Captioned web image data:
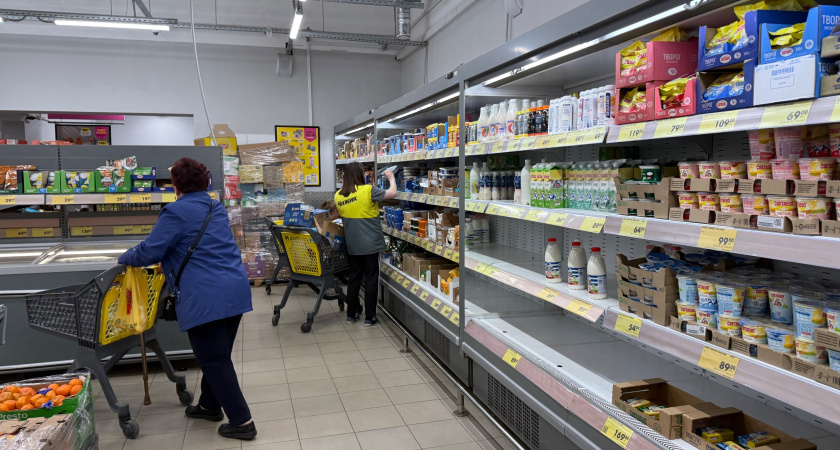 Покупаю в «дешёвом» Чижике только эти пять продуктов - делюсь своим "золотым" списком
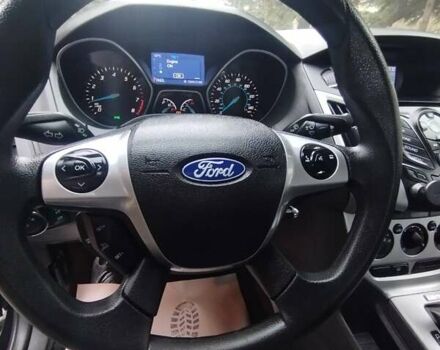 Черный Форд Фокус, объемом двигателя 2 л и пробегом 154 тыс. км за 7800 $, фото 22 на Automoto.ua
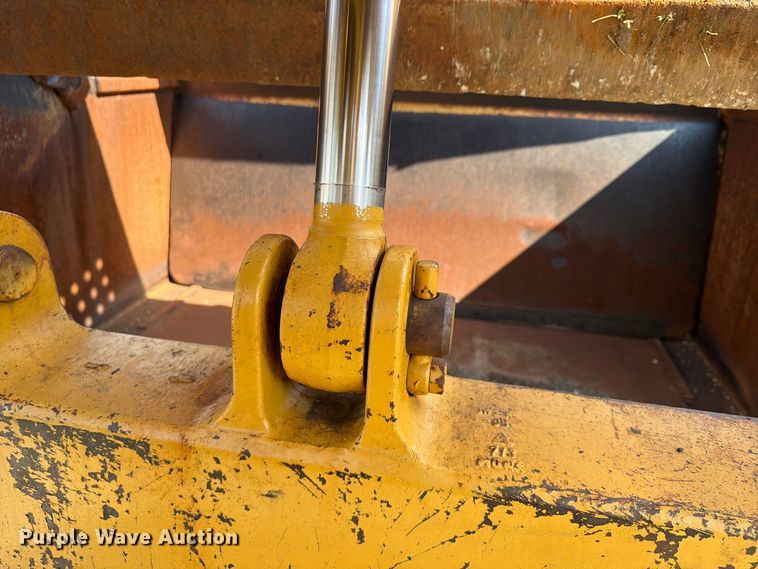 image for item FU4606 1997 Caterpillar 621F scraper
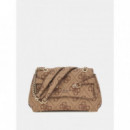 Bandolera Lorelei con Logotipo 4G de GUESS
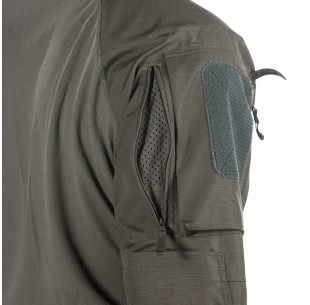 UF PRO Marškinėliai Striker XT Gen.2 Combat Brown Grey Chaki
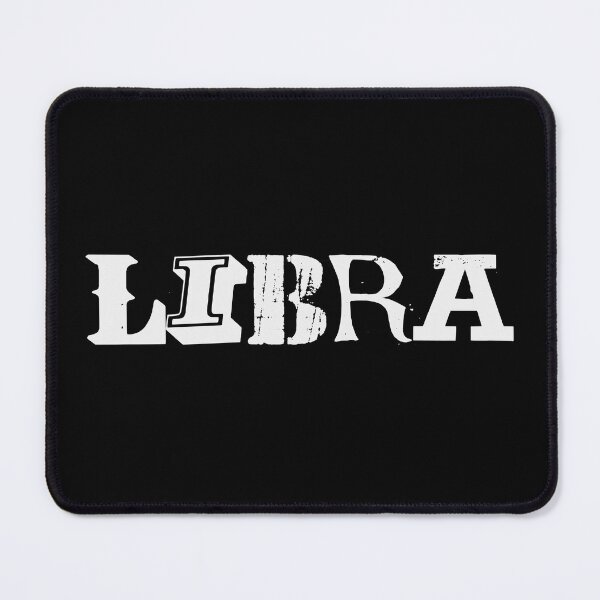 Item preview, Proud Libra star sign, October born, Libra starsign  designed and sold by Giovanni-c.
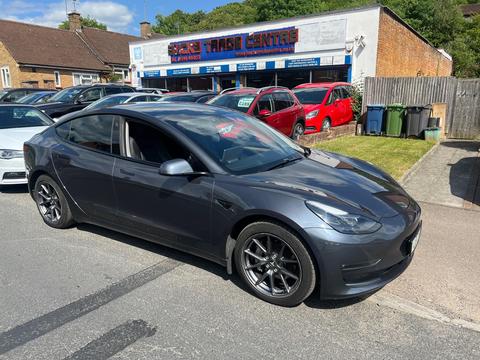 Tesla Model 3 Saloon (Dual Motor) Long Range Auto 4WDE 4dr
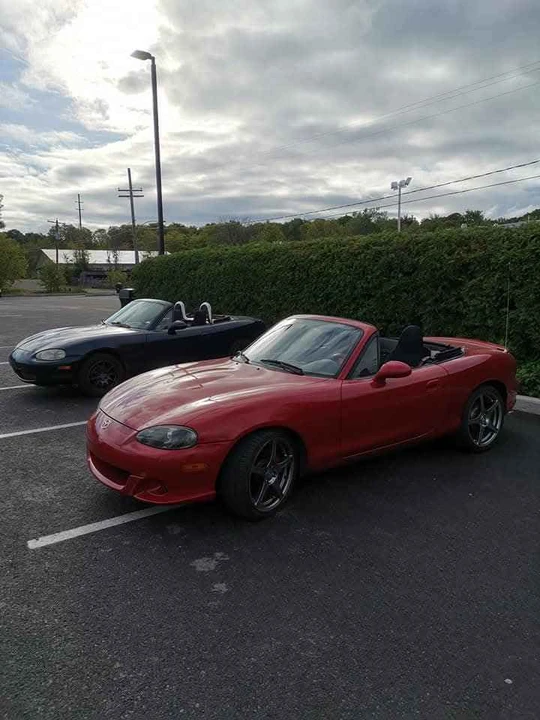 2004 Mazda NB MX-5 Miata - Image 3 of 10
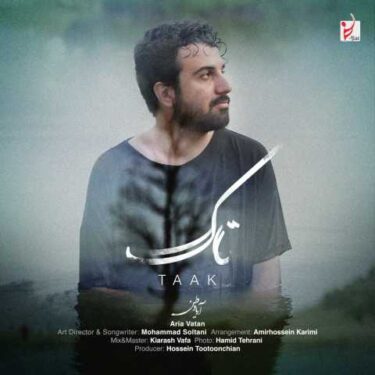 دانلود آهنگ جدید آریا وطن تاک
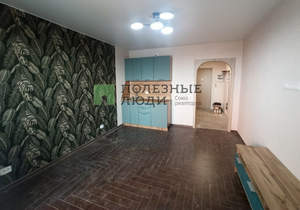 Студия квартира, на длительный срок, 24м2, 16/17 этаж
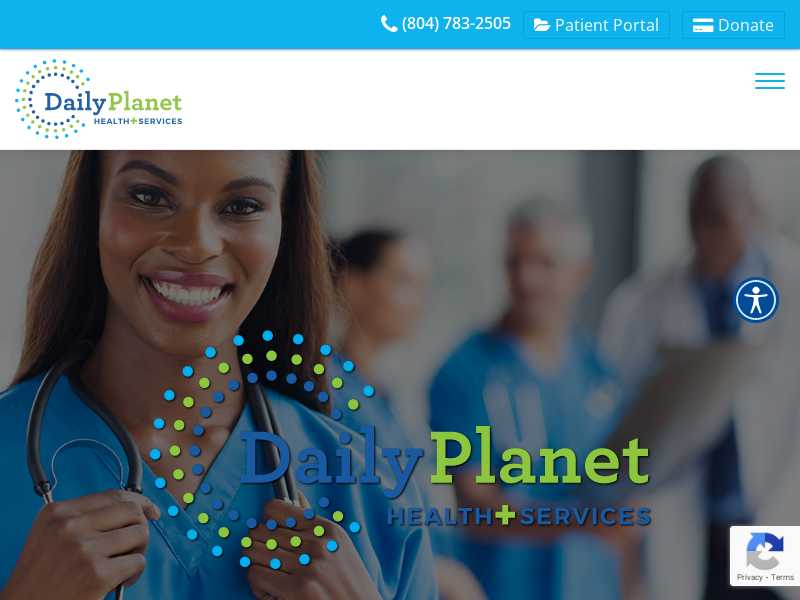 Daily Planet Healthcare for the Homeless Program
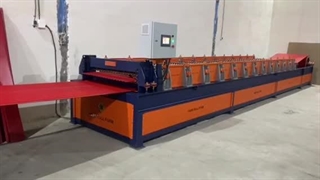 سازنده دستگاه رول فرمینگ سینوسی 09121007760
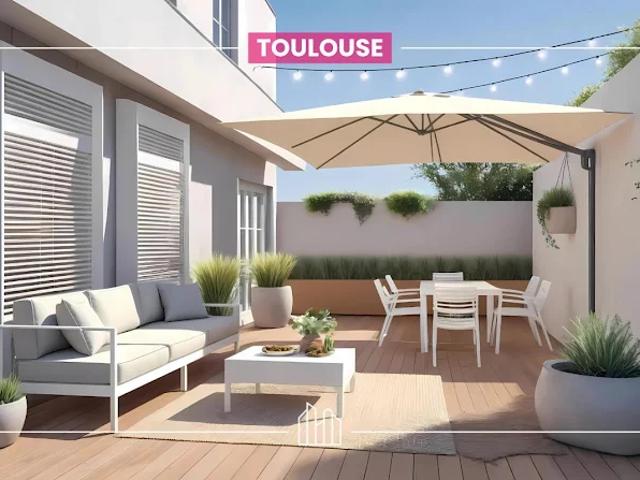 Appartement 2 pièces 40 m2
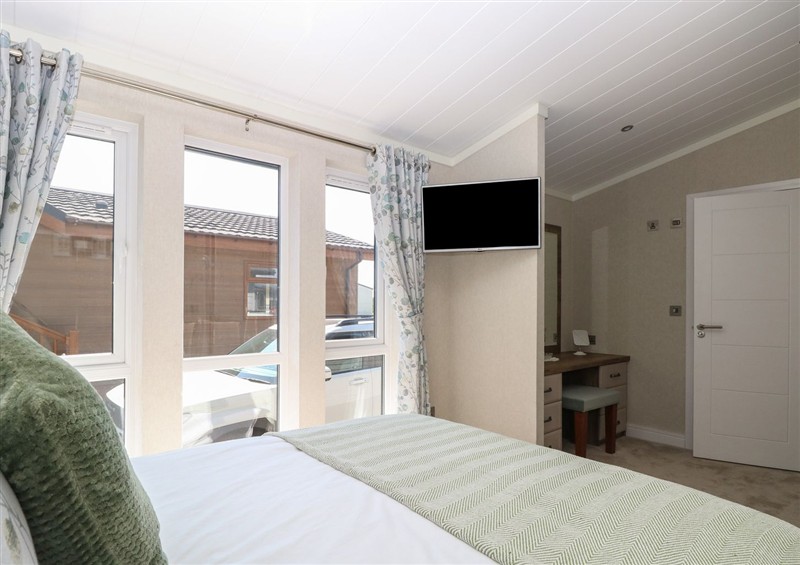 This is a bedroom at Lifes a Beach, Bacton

| What the exercise asks |
Transcribe the lines that run from the line bearing "Item preview, Proud" through the last line of the data. Keep the wording exact and leave out every picture.

| Completed exercise |
 Item preview, Proud Libra star sign, October born, Libra starsign  designed and sold by Giovanni-c.
 Tesla Model 3 Saloon (Dual Motor) Long Range Auto 4WDE 4dr
 2004 Mazda NB MX-5 Miata - Image 3 of 10
 دانلود آهنگ جدید آریا وطن تاک
 Студия квартира, на длительный срок, 24м2, 16/17 этаж
 Daily Planet Healthcare for the Homeless Program
 سازنده دستگاه رول فرمینگ سینوسی 09121007760
 Appartement 2 pièces 40 m2
 This is a bedroom at Lifes a Beach, Bacton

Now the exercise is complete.